What you will do:
Pictures excluded, output the lines of the data below between the one holding "A coopered oak" and the one holding "escavatori e macchinari", inclusive, exactly as they stand.

(Data excerpts)
=== Section Start ===
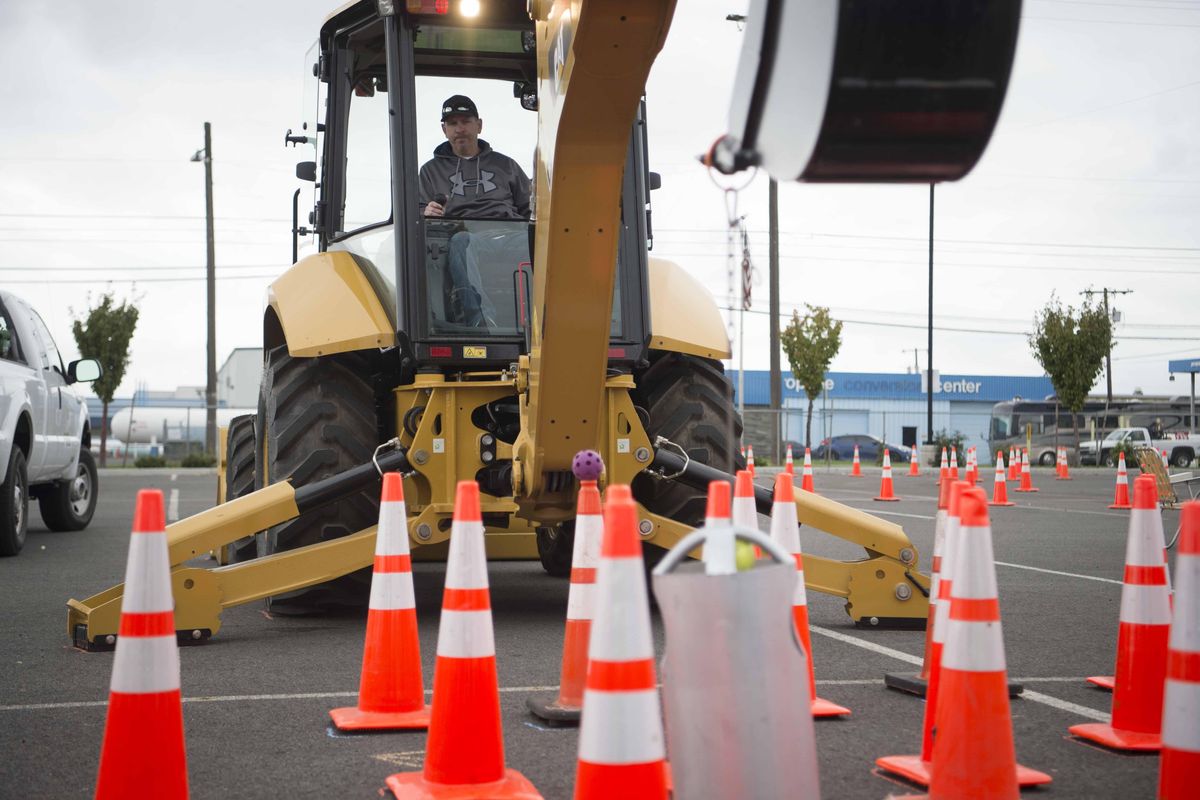 Russ Gordon, who works for the City of Kirkland, navigates an obstacle course with a backhoe during the American Public Works Association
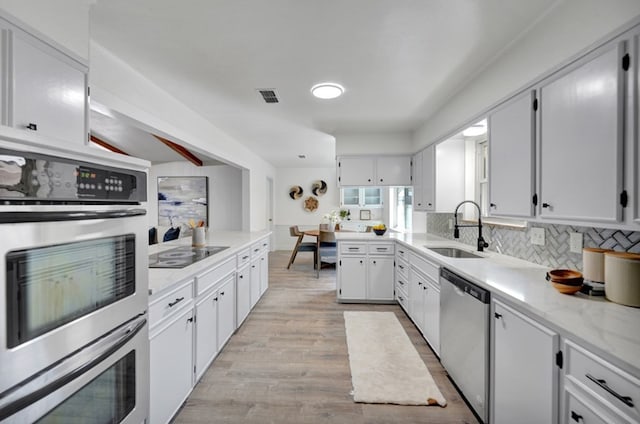 2 Auburn Ct, Midland, TX 79705 - kitchen with visible vents, a sink, decorative backsplash, stainless steel appliances, and light wood-type flooring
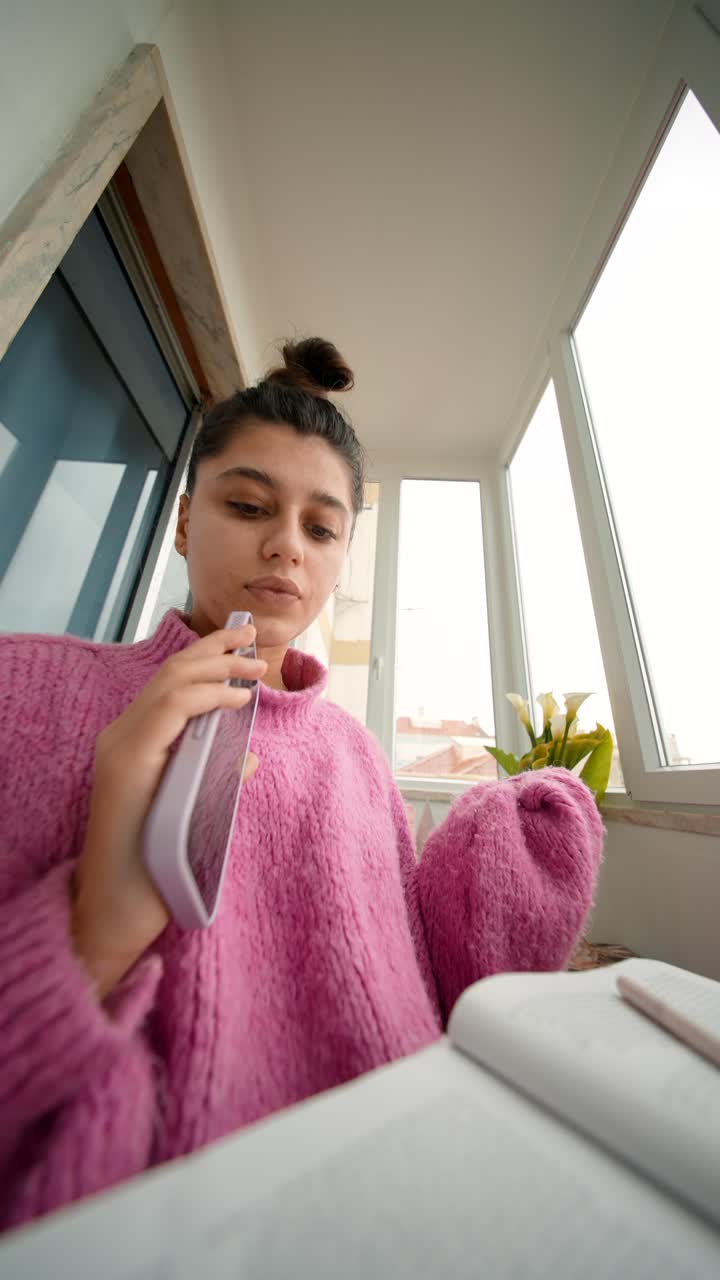Giovane donna che parla allo smartphone mentre studia a casa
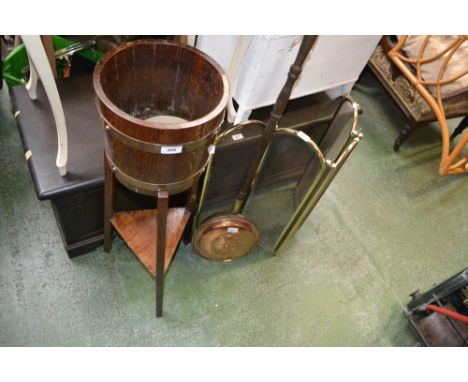 A coopered oak floor standing planter; a copper warming pan a brass folding fire screen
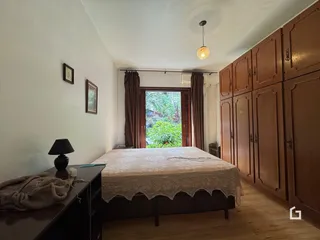 Quarto com cama e painéis de madeira na parede.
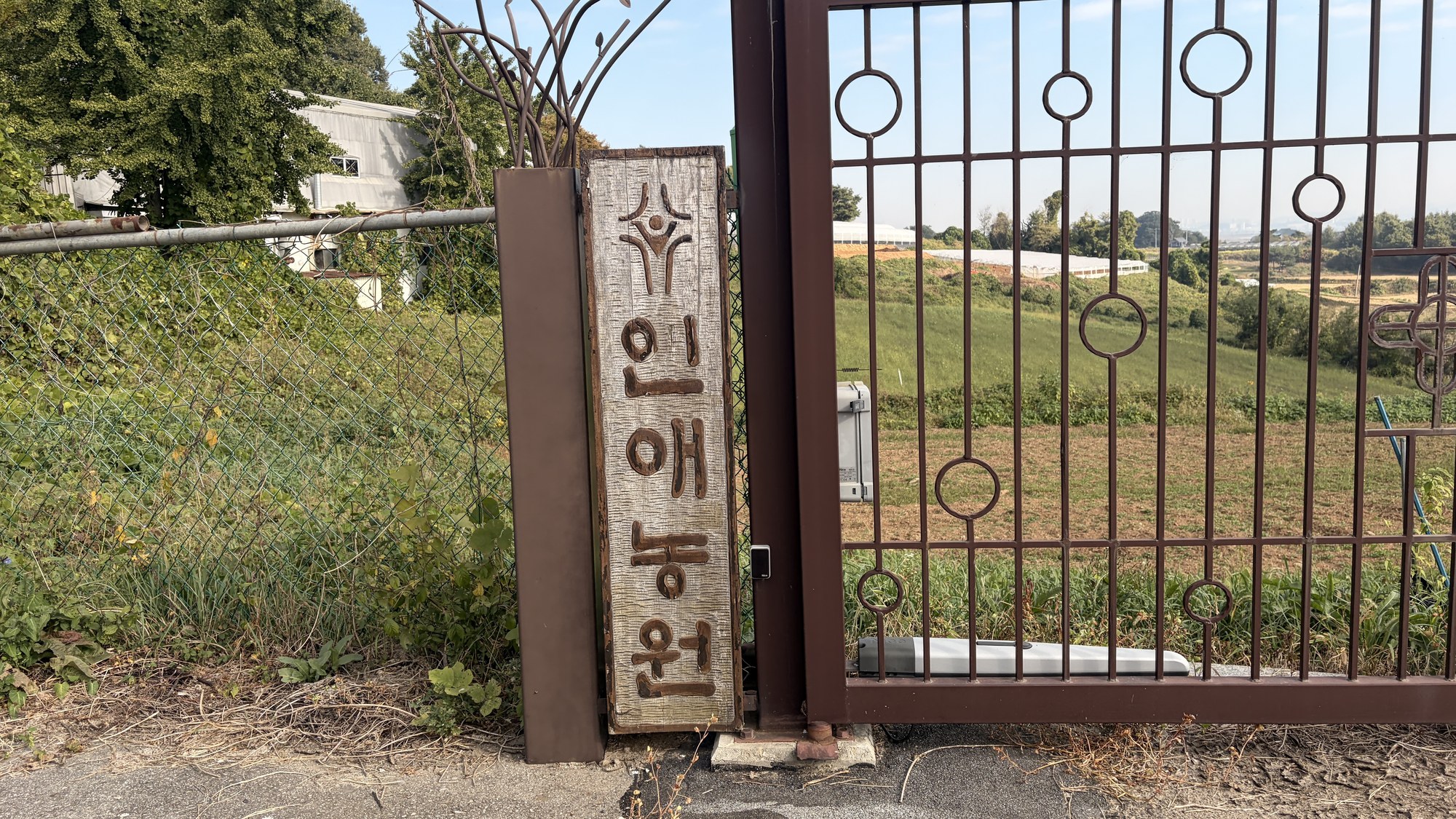 철문 옆에 세워진 ‘인애농원’ 나무 문패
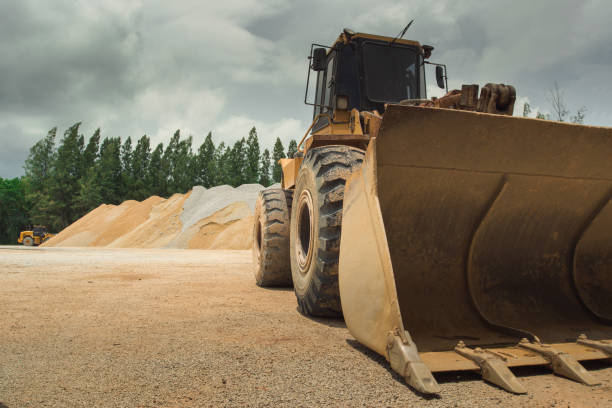 escavatori e macchinari pesanti nei lavori di movimento della pietra in un'estrazione di pietra di cava per la sua trasformazione in ghiaia, escavatore in una miniera a cielo aperto. - loading wheel mining equipment foto e immagini stock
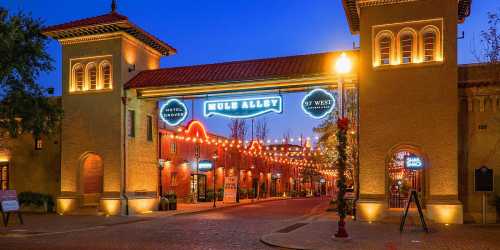 Entrance to Mule Alley at dusk, featuring illuminated signs and charming architecture with string lights.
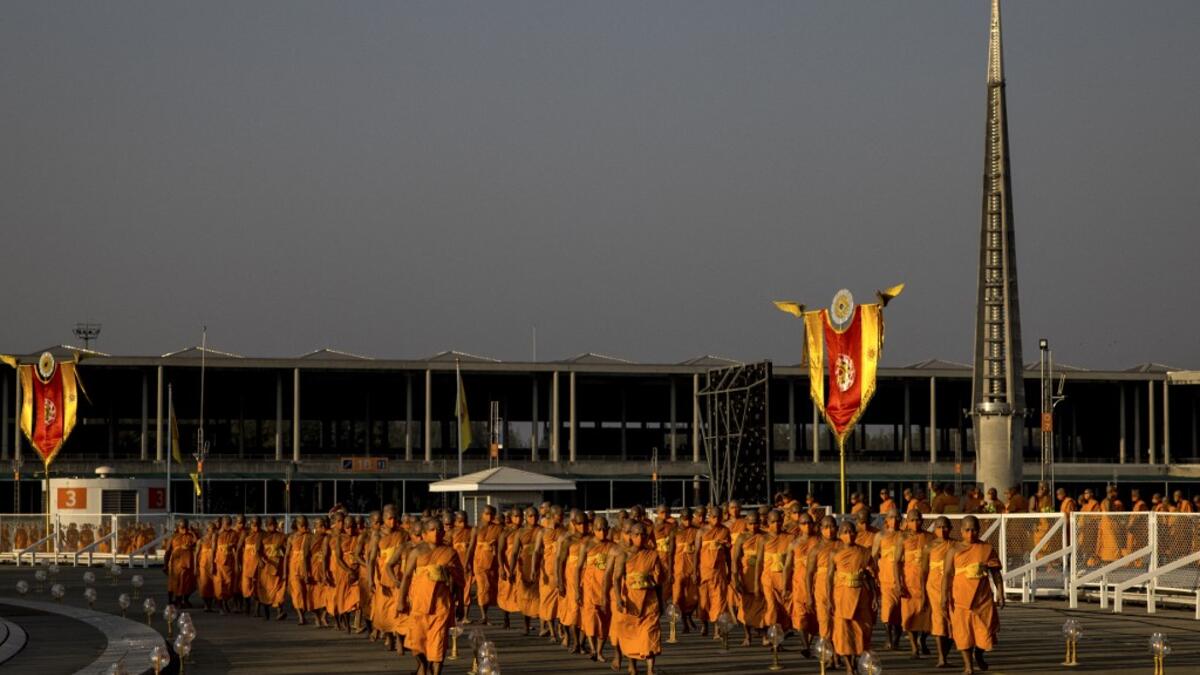 Buddhist monks arrive for Makha Bucha celebrations at Wat Dhammakaya, north of Bangkok on February 26, 2021. Jack TAYLOR / AFP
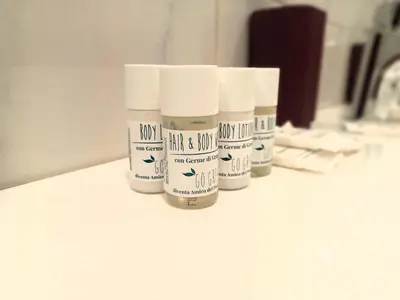 a group of four bottles of medicine sitting on a counter at Le Libellule apartment in Rome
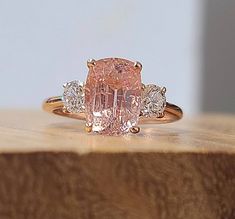 a pink diamond ring sitting on top of a wooden table with three diamonds around it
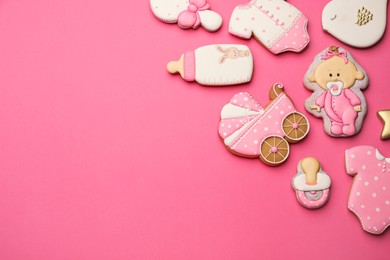 Cute tasty cookies of different shapes on pink background, flat lay with space for text. Baby shower party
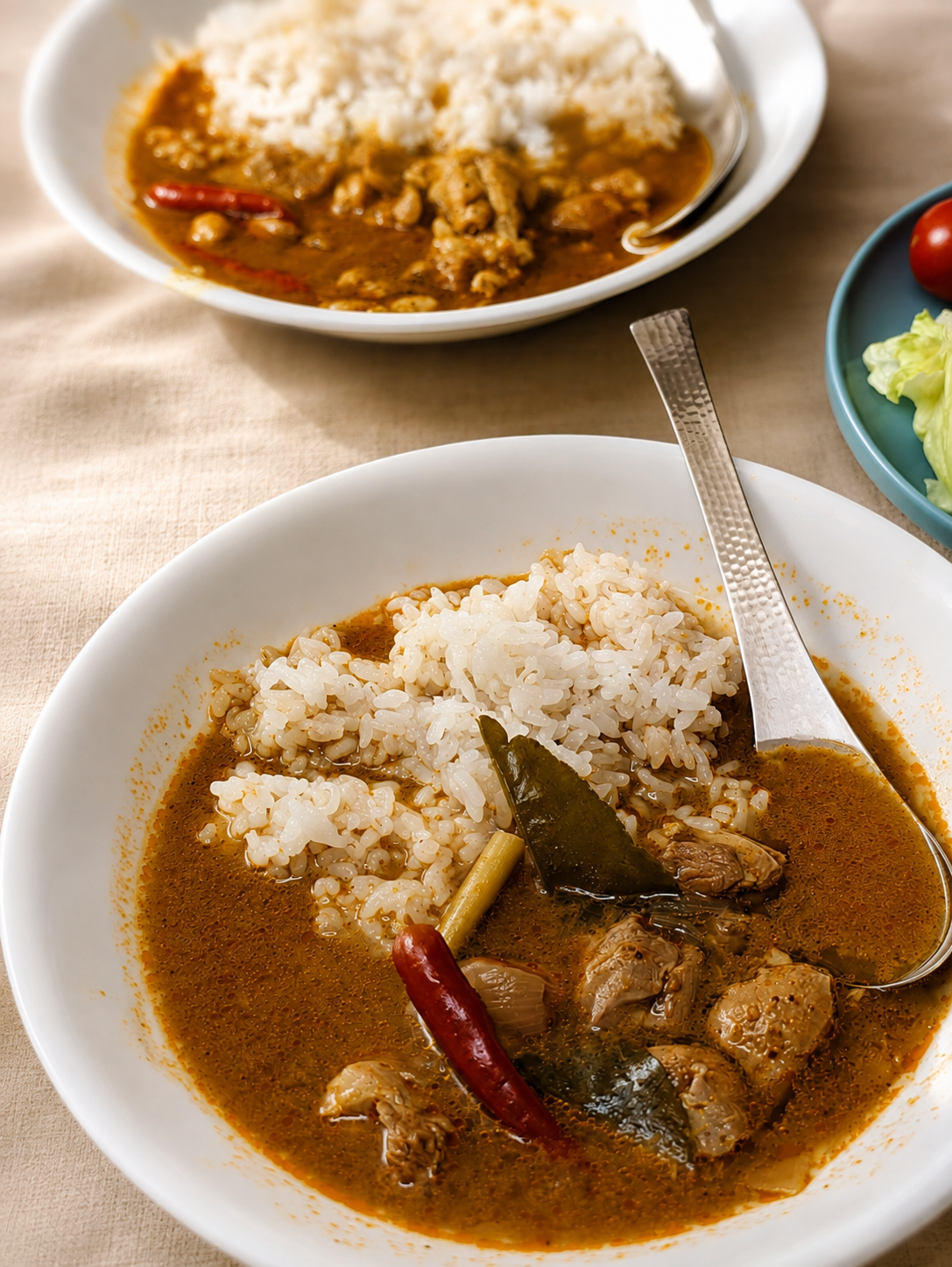 白い皿に盛られたタイカレー2皿。鶏肉と赤唐辛子とこぶみかんの葉が入り、副菜に白菜の漬物とミニトマト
=== Section End ===
Your solution:
 A coopered oak floor standing planter; a copper warming pan a brass folding fire screen
 Quarto com cama e painéis de madeira na parede.
 철문 옆에 세워진 ‘인애농원’ 나무 문패
 escavatori e macchinari pesanti nei lavori di movimento della pietra in un'estrazione di pietra di cava per la sua trasformazione in ghiaia, escavatore in una miniera a cielo aperto. - loading wheel mining equipment foto e immagini stock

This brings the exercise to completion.